Drummond's task at this time in connection with the Ordnance Survey was to prepare for publication an account of the measurement of the base at Lough Foyle, which, it is much to be regretted, he never finished. He had, early in 1830, prepared a sketch of the operation in a lecture for the Royal Institution. He now drew up a synoptic view of former bases, with a brief notice of their merits and defects. In the preparation of this paper he was led to the study of Probabilities; and La Place, says Larcom, was, it is believed, his last mathematical reading. He would probably have finished his account of the measurement of the base but for two reasons that additional experiments were required for

the comparison of the new standards and those formerly used, and that it was necessary to await the final decision of the Legislature on the actual standard. On the experiments for comparing the old and new standards Mr Drummond was engaged, along with Mr Simms and the Rev. Mr Sheepshanks, in March and April 1833.* This was his last scientific labour. In April 1833 he became Private Secretary to Lord Althorp, then Chancellor of the Exchequer, and for the rest of his life all his labours were of a social or political nature.

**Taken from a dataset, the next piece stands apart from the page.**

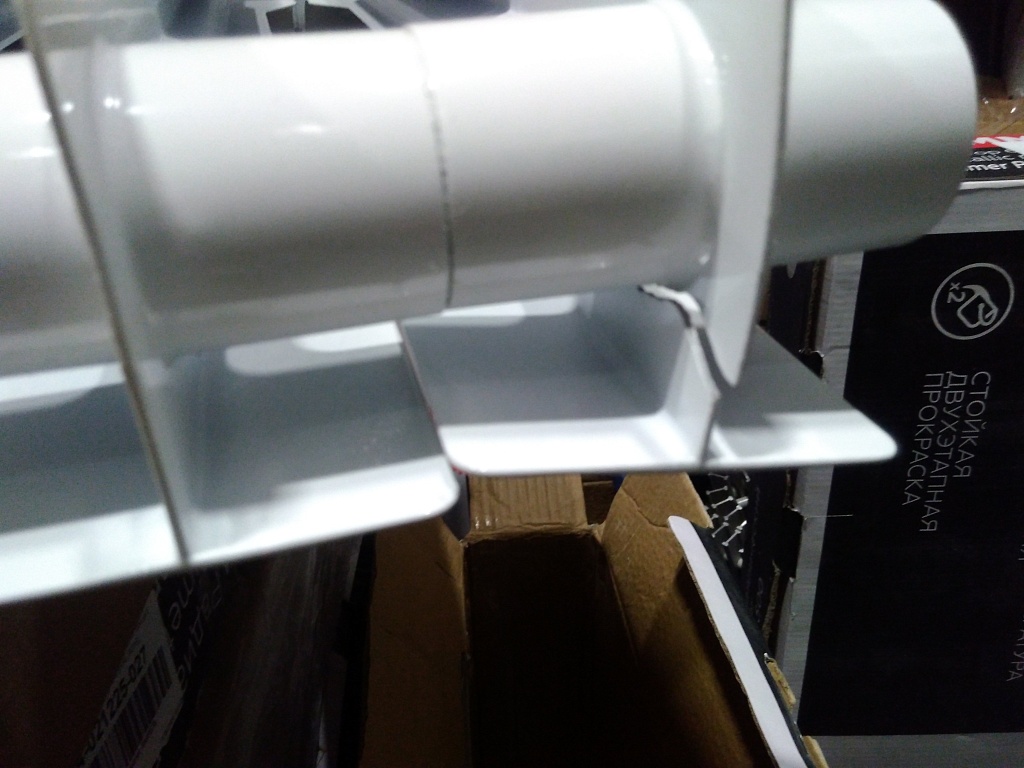 Уцененный товар (нетоварный вид упаковки, трещина ламели крайней секции): Радиатор биметаллический ROMMER Profi BM 350 12 секций боковое подключение (BI350-80-80-130) (RAL9016), RBM-1210-035012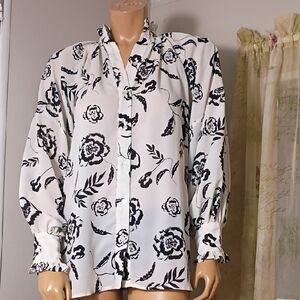 Floral Button Down Shirt - Black‎ and White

Mr Drummond's scientific career was a very short one, extending over little more than seven years, during which he was also engaged in discharging the laborious duties of his profession. Many of these duties, indeed, were of a scientific nature-the work of observation and calculation; but many of them also involved labour rather of the body than of the mind. The scientific labours by which he will be remembered, are not those of the service immediately, but those undertaken from time to time to meet its various exigencies.

If Mr Drummond had not been led by a genuine love of science to its cultivation in the earlier years of the service, he could not possibly, in the later years, have advanced its interests as he did. But we saw that by 1824 he had been engaged on researches on light; was an ardent student of meteorology, and a good chemist and optician. He had previously been an excellent and ingenious mathematician. In 1824 he began to apply his resources to render the Survey worthy of the contemporaneous state of science, and to

*The results appear at page 12 of the Appendix to Captain Yolland's "Account."